• PROBLEM DESCRIPTION:
Please write out all the entries exactly, without the pictures.

Records from a data source:
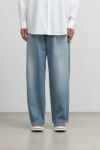 Graphpaper(グラフペーパー)Selvage Denim Two Tuck Tapered Pants -LIGHT FADE- セルビッチデニムツータックテーパードパンツ ライトフェイド GU243-40187LB -4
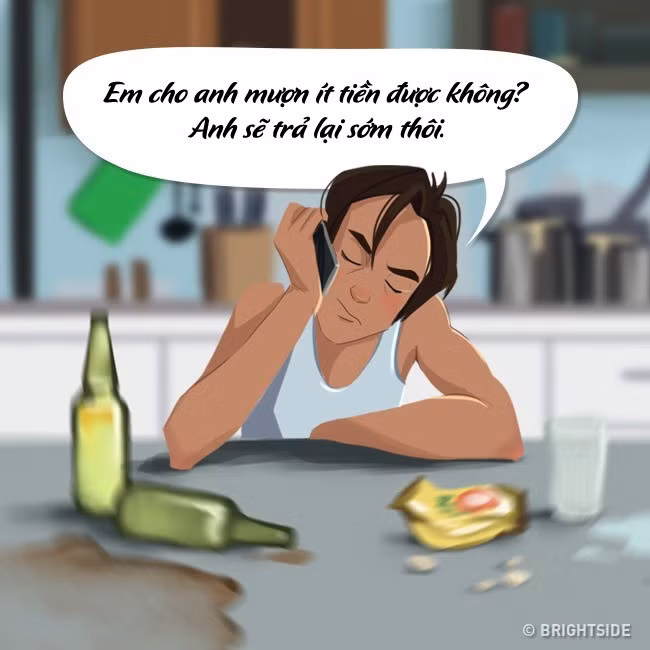  9. Con nghiện: Người nghiện ma túy, bia rượu không thể cưỡng lại thói quen xấu ngay cả với người thân yêu. Họ sẽ là đối tượng tàn phá gia đình nhanh nhất.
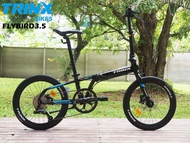 จักรยานพับได้ TRINX FLYBIRD3.5 เฟรมอลูมิเนียม เกียร์​10สปีด ดิสเบรคน้ำมัน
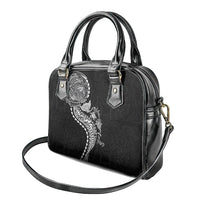 Hawaiian Kakau Tribal Sea Animals Tattoos Shoulder Handbag Black Color LT03 - Polynesian Pride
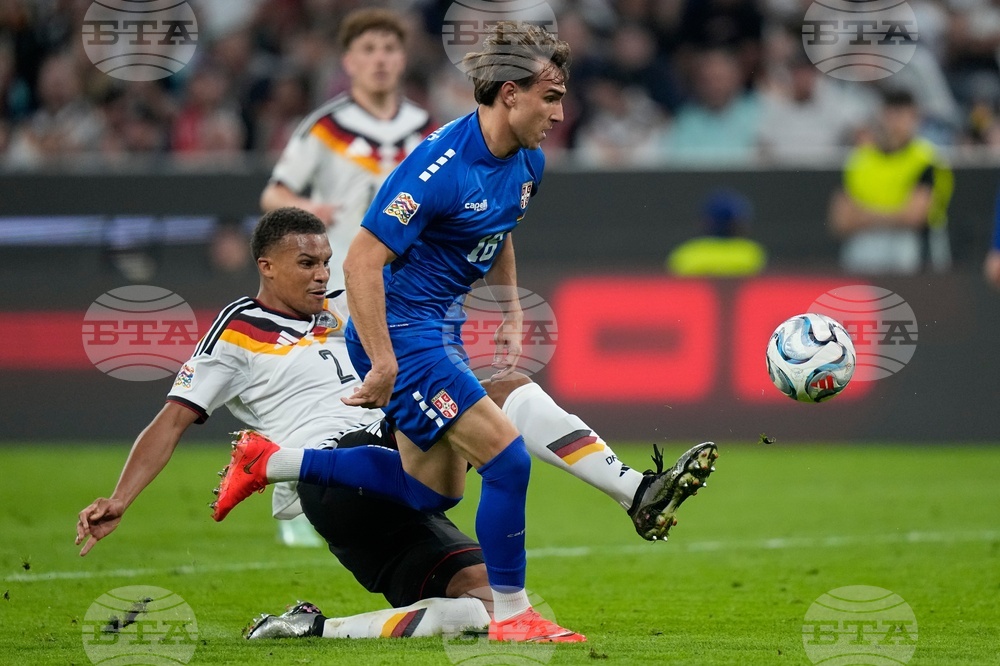 Germany Serbia Nations League Soccer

• WRITTEN ANSWER:
 Graphpaper(グラフペーパー)Selvage Denim Two Tuck Tapered Pants -LIGHT FADE- セルビッチデニムツータックテーパードパンツ ライトフェイド GU243-40187LB -4
  9. Con nghiện: Người nghiện ma túy, bia rượu không thể cưỡng lại thói quen xấu ngay cả với người thân yêu. Họ sẽ là đối tượng tàn phá gia đình nhanh nhất.
 จักรยานพับได้ TRINX FLYBIRD3.5 เฟรมอลูมิเนียม เกียร์​10สปีด ดิสเบรคน้ำมัน
 Hawaiian Kakau Tribal Sea Animals Tattoos Shoulder Handbag Black Color LT03 - Polynesian Pride
 Germany Serbia Nations League Soccer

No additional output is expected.